Die Freiheitsstrafe beträgt nach § 38 Abs. 2 StGB mindestens einen Monat, soweit nicht eine andere Regelung getroffen ist, z. B. nach:

  • § 370 Abs. 3 AO im Fall der besonders schweren Steuerhinterziehung mindestens sechs Monate;
  • § 373 Abs. 1 AO im Fall des gewaltsamen, gewerbs- oder bandenmäßigen Schmuggels mindestens sechs Monate.
 

Rz. 145

Das Höchstmaß der Freiheitsstrafe beträgt bei den Steuerstraftaten (vgl. Rz. 6ff.) regelmäßig höchstens 5 Jahre, vgl. § 369 Abs. 1 Nr. 3 AO i. V. m. § 148 Abs. 1 StGB (vgl. Rz. 181ff.); § 369 Abs. 1 Nr. 4 AO i. V. m. § 257 Abs. 1 StGB (vgl. Rz. 200ff.); § 370 Abs. 1 AO, § 372 Abs. 2 AO i. V. m. § 370 Abs. 1 AO, minderschwerer Fall gem. § 373 Abs. 1 S. 2 AO, § 374 Abs. 1 AO; § 26c UStG (vgl. Rz. 219ff.).

 

Rz. 146

Die Freiheitsstrafe beträgt höchstens 10 Jahre nach § 370 Abs. 3 S. 1 AO im Fall einer besonders schweren Steuerhinterziehung und im Fall einer Straftat nach § 373 Abs. 1 S. 1 und Abs. 2 AO.

 

Rz. 147

Die Freiheitsstrafe beträgt nach § 38 Abs. 2 StGB und § 54 Abs. 2 S. 2 StGB im Fall der Bildung einer Gesamtstrafe bei mehreren Straftaten (s.
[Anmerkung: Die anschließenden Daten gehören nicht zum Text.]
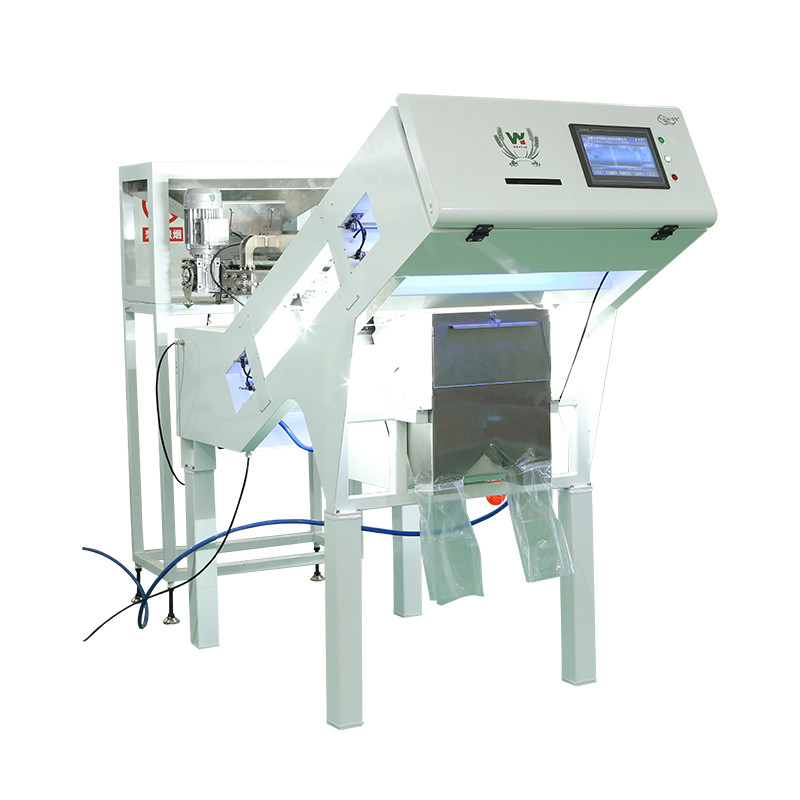 100 à 900 kg/h Sortir la couleur de la machine pour la noix de macadamia Wanlut Noix de noisette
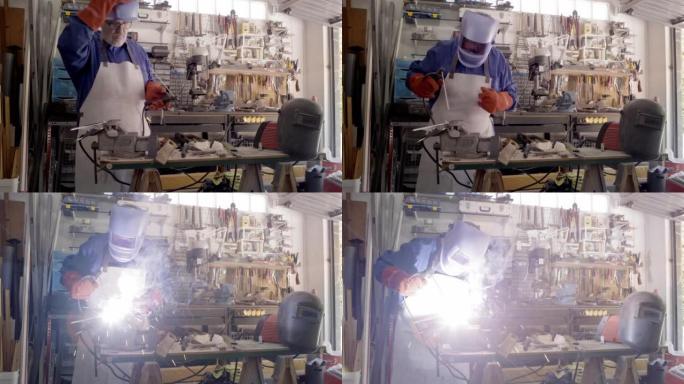 金属加工用人使用焊接机进行钢缝。火花飞舞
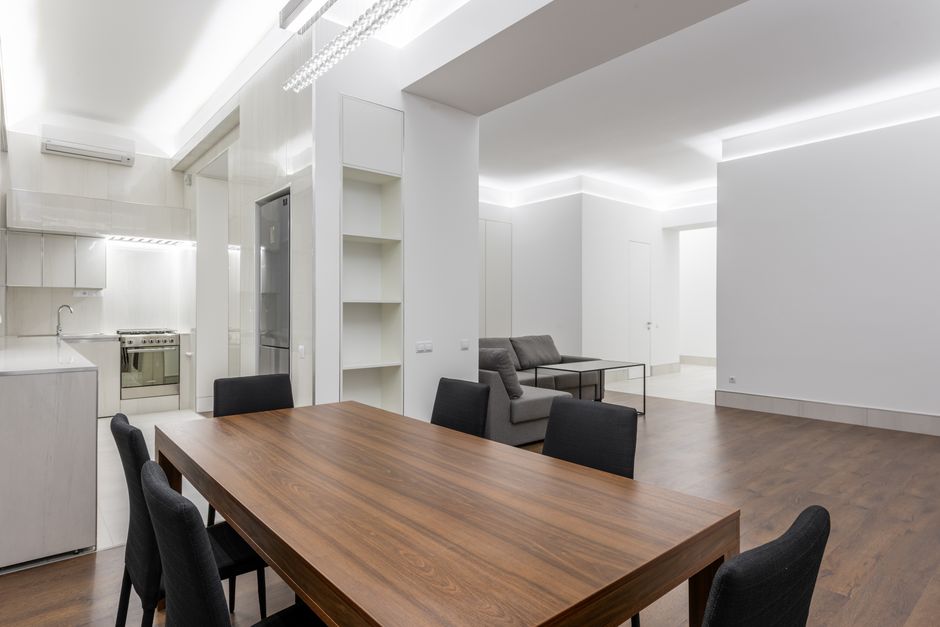 A spacious, modern interior featuring a dining area and living space in an apartment or house with minimalist design. The foreground shows a rectangular wooden dining table with a smooth, polished surface and six dark upholstered chairs arranged around it. Behind the dining area, there is a kitchen with a white countertop, light-colored cabinets, and a stainless steel oven and refrigerator, all set against a tiled wall. To the right, a sitting area includes a gray fabric sofa with cushions situated near a low rectangular coffee table. The room is brightly lit by natural light coming from a ceiling window or skylight, with white walls and ceiling creating a clean, contemporary ambiance. The floor is covered with medium-tone wood laminate. The overall environment appears tidy and uncluttered, with no visible rubbish or waste, reflecting a well-maintained living space, possibly prepared for a professional rubbish removal or interior cleaning service by Waste Disposal Pimlico.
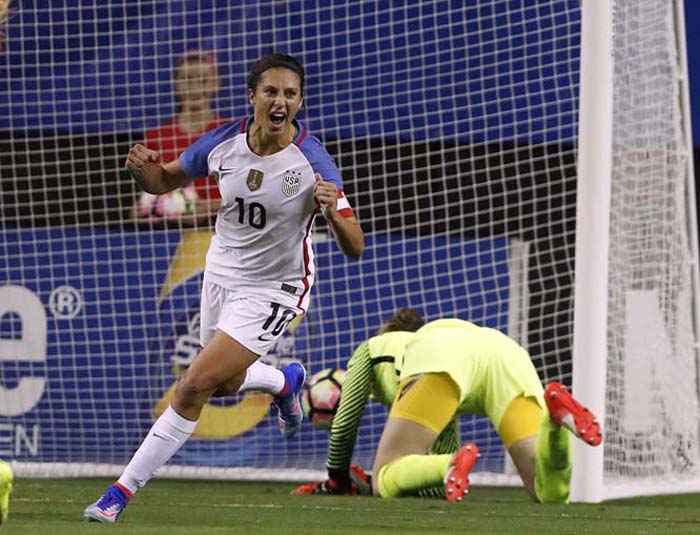 USA's Carli lloyd (10) celebrates after beating Netherlands goal keeper Sari van Veenendaal for a goal in the first half of an exhibition soccer match in Atlanta on Sunday.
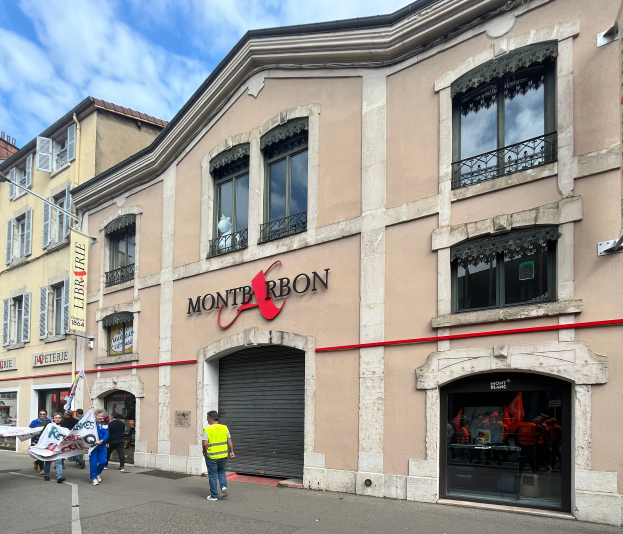 Eine Gruppe von Menschen mit Fahnen geht eine Straße vor einem Gebäude mit einer Schildertafel 'Montbron', einem Straßenschild und einer Banner mit Bildern und Text, unter einem bewölkten Himmel.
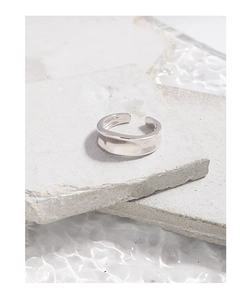 Detailed view of an irregular wavy concave surface on a silver S925 open ring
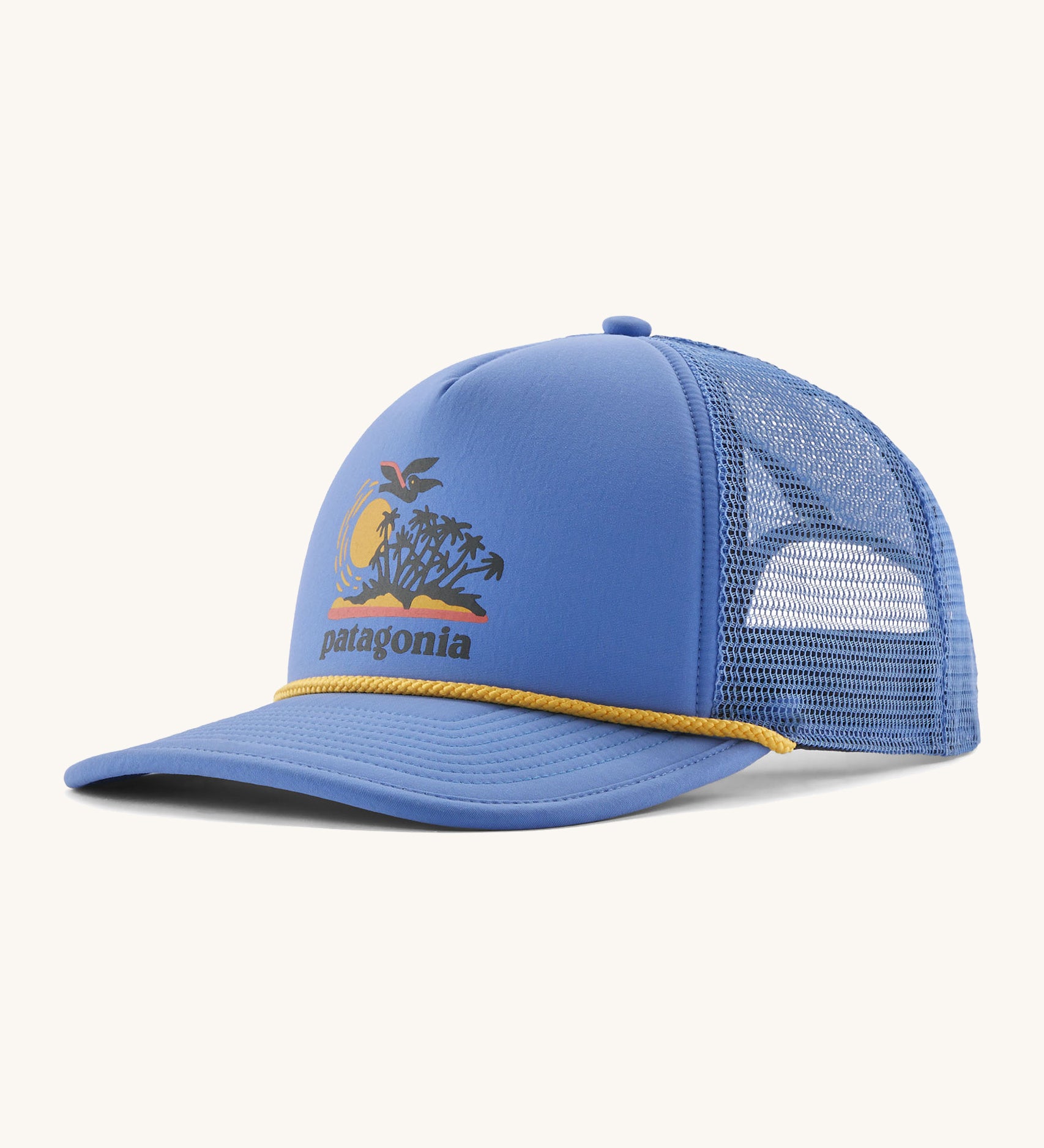 Patagonia broadcaster cap in blue colour on a cream background.
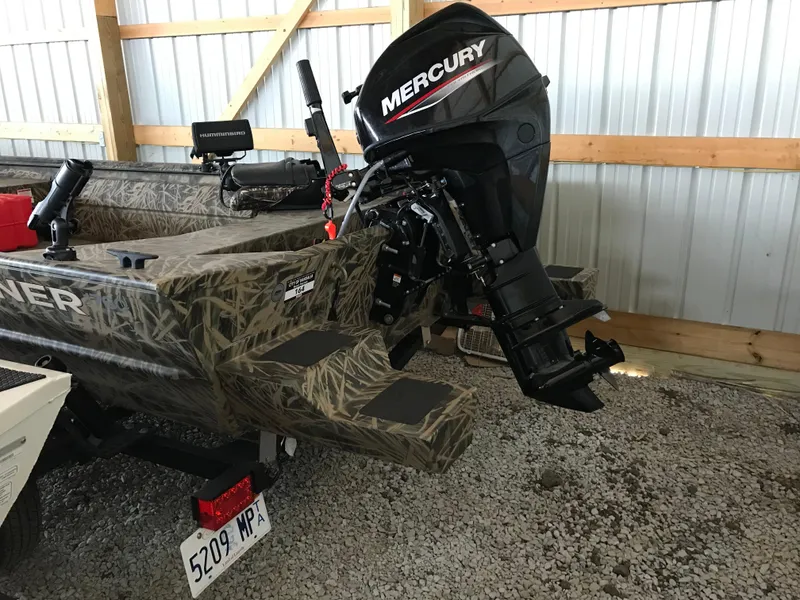 Slide: The Image of 2022 Crestliner 1760 Retriever Jon boat with Mercury outboard motor in storage. - 7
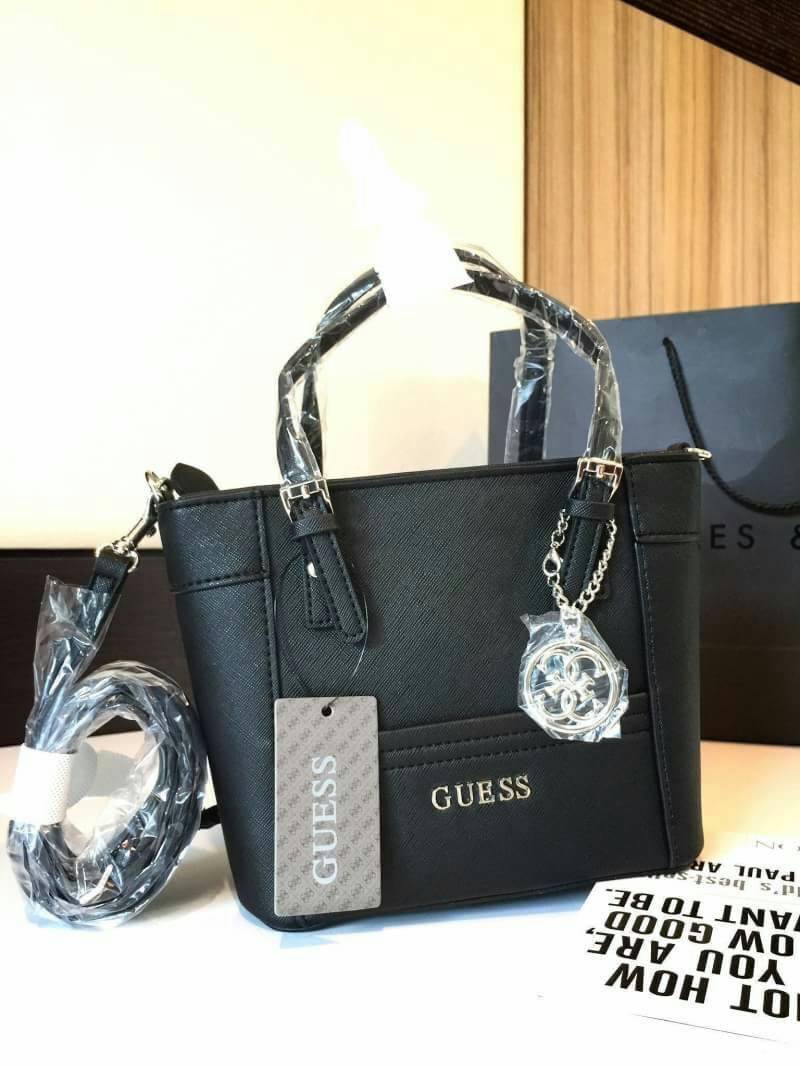 GUESS SAFFIANO MINI CROSS BODY BAG Best aellwr กระเป๋าถือหรือสะพายรุ่นยอดนิยมจาก GUESS หนัง Saffiano สวยอยู่ทรงสไตล์ PRADA ขนาดกำลังดี เบา ด้านหน้าประดับ logo brand มาพร้อมพวงกุญแจแบรนด์ห้อยที่หูกระเป๋า ถอดเเยกใช้ได้ เปิดปิดด้วยซิปสะดวกใช้ ภายในมี โลโก้ ช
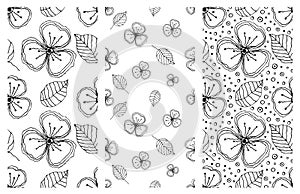 Set of seamless vector floral patterns. Black and white hand drawn background with flowers, leaves, decorative elements. Graphic i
Rz. 142) höchstens 15 Jahre.

 

Rz. 148

Nach § 47 Abs. 1 StGB sind Freiheitsstrafen unter 6 Monaten vom Gericht nur zu verhängen, wenn wegen besonderer Umstände, die in der Tat oder in der Persönlichkeit des Tatbeteiligten liegen, die Verhängung der Freiheitsstrafe zur Einwirkung auf den Tatbeteiligten oder zur Verteidigung der Rechtsordnung unerlässlich ist.[2] Die sich aus § 47 Abs. 1 StGB ergebenden Voraussetzungen einer solch kurzen Freiheitsstrafe sind bei einer Steuerhinterziehung i. d. R. nicht gegeben, sodass in entsprechenden Fällen in aller Regel eine Geldstrafe verhängt wird.

 

Rz. 149

Im Übrigen sind Freiheitsstrafen bis zu einem Jahr nach § 56 Abs. 1 StGB zur Bewährung auszusetzen, wenn zu erwarten ist, dass der Verurteilte sich schon die Verurteilung zur Warnung dienen lassen und künftig auch ohne die Einwirkung des Strafvollzugs keine Straftaten mehr begehen wird. Dabei sind namentlich die Persönlichkeit des Verurteilten, sein Vorleben, die Umstände seiner Tat, sein Verhalten nach der Tat, seine Lebensverhältnisse und die Wirkungen zu berücksichtigen, die von der Aussetzung für ihn zu erwarten sind.

 

Rz. 150

Wenn die Sozialprognose nach § 56 Abs. 1 StGB (s. Rz. 149) günstig ist, kann nach § 56 Abs. 2 StGB auch die Vollstreckung einer höheren Freiheitsstrafe, die zwei Jahre nicht übersteigt, zur Bewährung ausgesetzt werden, wenn nach der Gesamtwürdigung von Tat und Persönlichkeit des Verurteilten besondere Umstände vorliegen. Bei der Entscheidung ist namentlich auch das Bemühen des Verurteilten, den durch die Tat verursachten Schaden wieder gutzumachen, zu berücksichtigen.

 

Rz. 151

Die Bewährungszeit beträgt gem. § 56a Abs. 1 StGB zwischen zwei und fünf Jahren. Das Gericht kann Auflagen und Weisungen erteilen.[3] Werden diese nicht erfüllt oder wird der Verurteilte innerhalb der Bewährungszeit wieder straffällig, so kann die Strafaussetzung zur Bewährung widerrufen werden. Die Strafe ist nach Ablauf der Bewährungszeit zu erlassen, wenn die Bewährung nicht widerrufen worden ist.

 

Rz. 152

Im Strafbefehlsverfahren[4] kann gem. § 407 Abs. 2 S. 2 StPO ebenfalls eine Freiheitsstrafe bis zu einem Jahr verhängt werden, die jedoch zur Bewährung (vgl. Rz. 149ff.) auszusetzen ist.[5] Dies ist jedoch nur zulässig, wenn der Beschuldigte durch einen Verteidiger[6] beraten ist.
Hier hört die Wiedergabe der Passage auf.